### TASK DESCRIPTION
An exact copy of every record below is needed, with all pictures removed.

### INFORMATION SHOWN

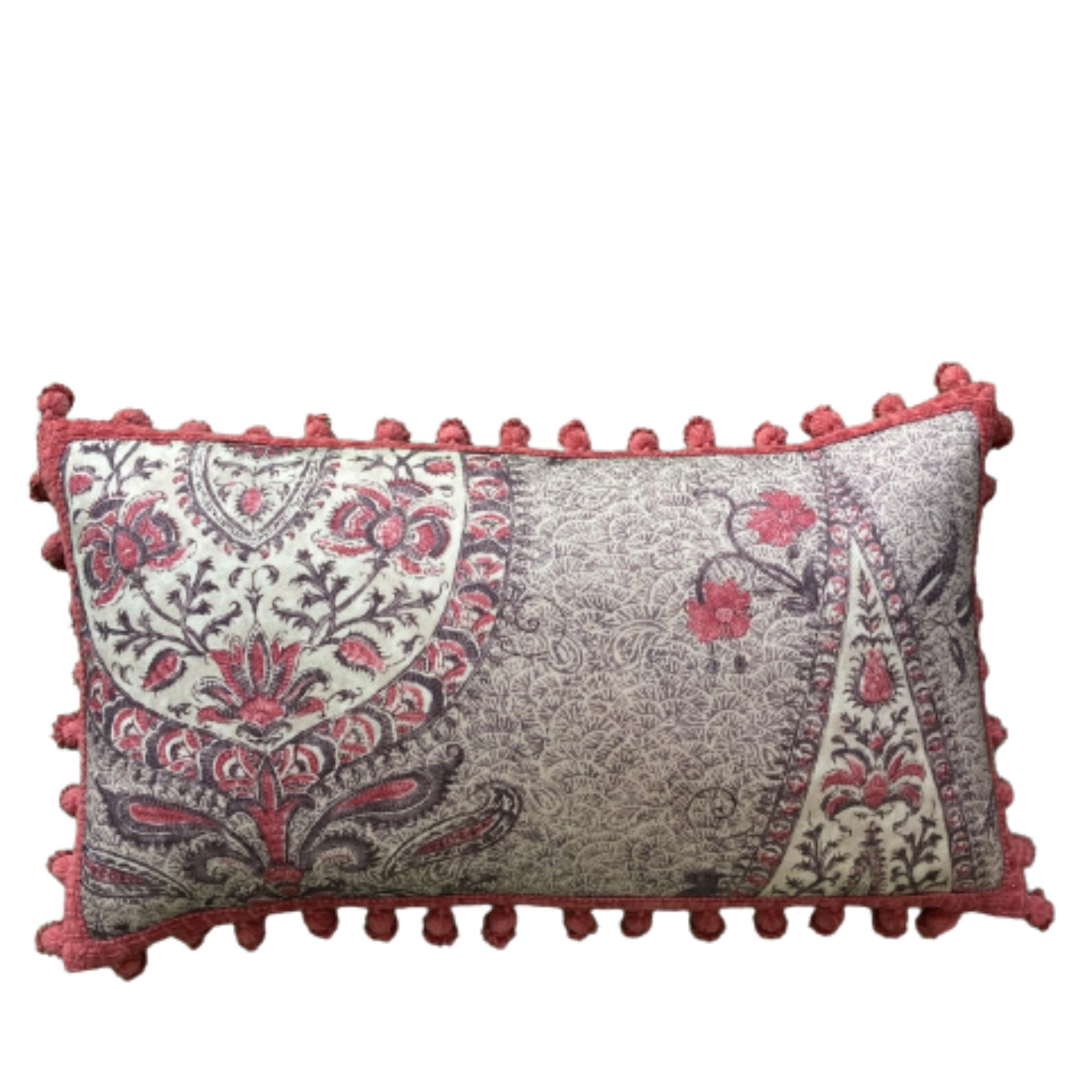 Koyari Crimson Wool Paisley from Zoffany 14 X 26 Rectangle Decorative Pillow with Down Feather Insert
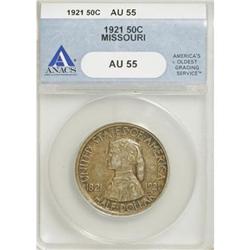 1921 50C Missouri AU55 ANACS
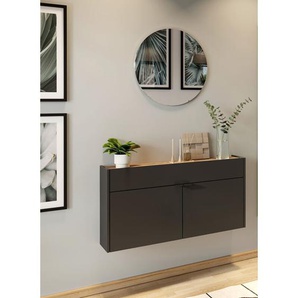 Garderobe Flurgarderobe schmal in grau mit Eiche ABERDEEN-01 modern 2-teilig mit Schuhschrank und Spiegel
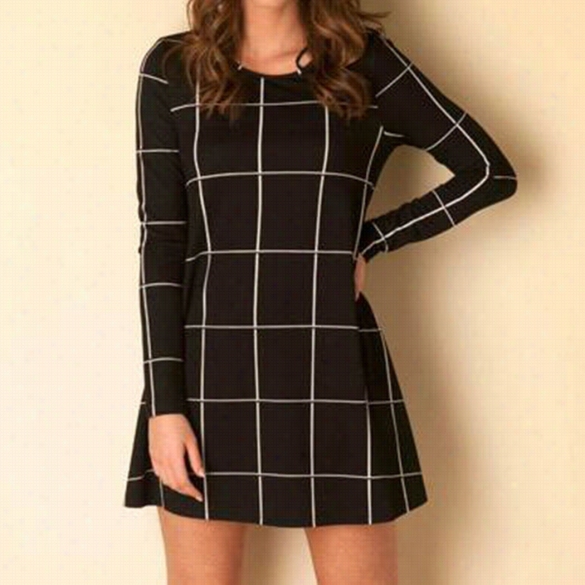 Women Ladies O-neck Lng Sleewe Plaid Check Print Flared Swing Dress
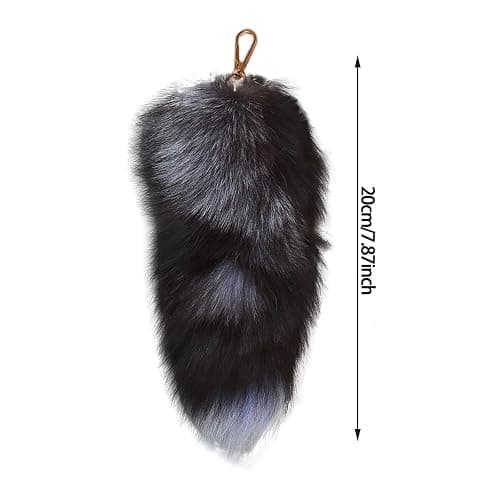 Faux Fur Tail Keychain Fluffy Therian Cosplay Accessory Long Soft Realistic Animal Tail Charm for Costume Party thumbnail 7
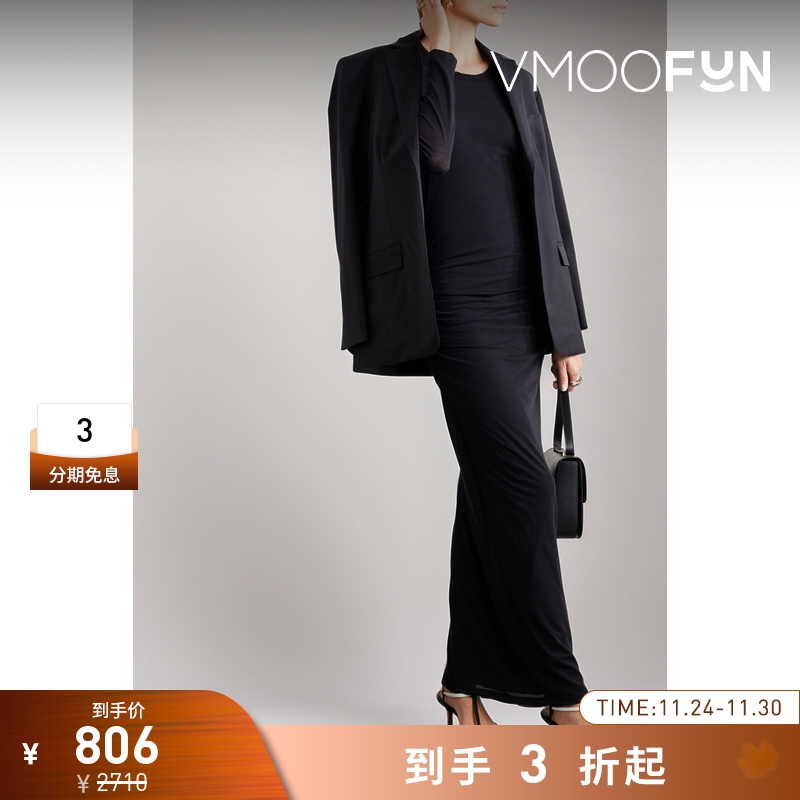 【折扣】James Perse 女棉质平纹布小黑裙长袖连衣裙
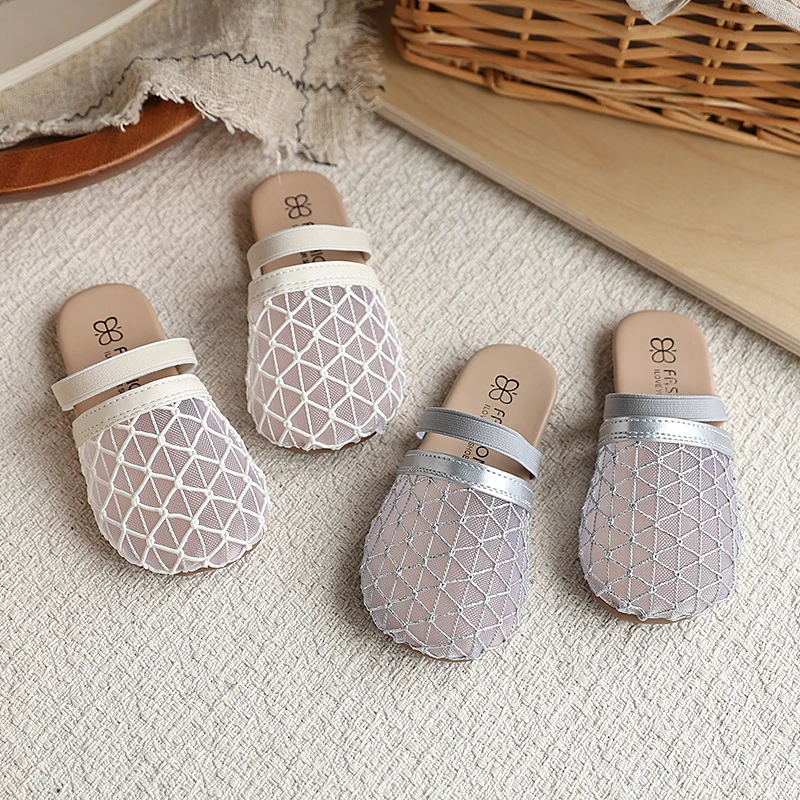 

Детские сетчатые мюли-шлепанцы для девочек, летние дышащие сандалии с сетчатым верхом, мягкая нескользящая подошва, повседневная обувь для принцесс, коллекция 2026 года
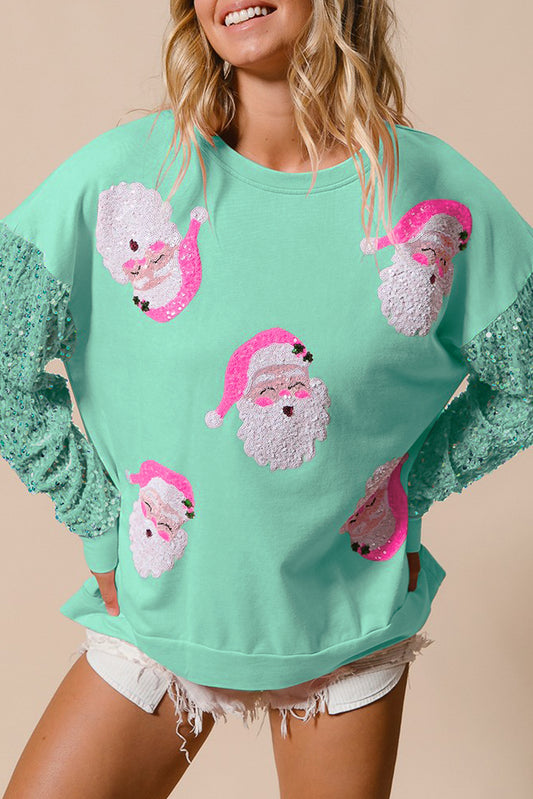 Fiery Red Sequined Santa Claus Christmas Crewneck Sweatshirt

### RESULT BELOW
 Koyari Crimson Wool Paisley from Zoffany 14 X 26 Rectangle Decorative Pillow with Down Feather Insert
 1921 50C Missouri AU55 ANACS
 Garderobe Flurgarderobe schmal in grau mit Eiche ABERDEEN-01 modern 2-teilig mit Schuhschrank und Spiegel
 Women Ladies O-neck Lng Sleewe Plaid Check Print Flared Swing Dress
 Faux Fur Tail Keychain Fluffy Therian Cosplay Accessory Long Soft Realistic Animal Tail Charm for Costume Party thumbnail 7
 【折扣】James Perse 女棉质平纹布小黑裙长袖连衣裙

Детские сетчатые мюли-шлепанцы для девочек, летние дышащие сандалии с сетчатым верхом, мягкая нескользящая подошва, повседневная обувь для принцесс, коллекция 2026 года
 Fiery Red Sequined Santa Claus Christmas Crewneck Sweatshirt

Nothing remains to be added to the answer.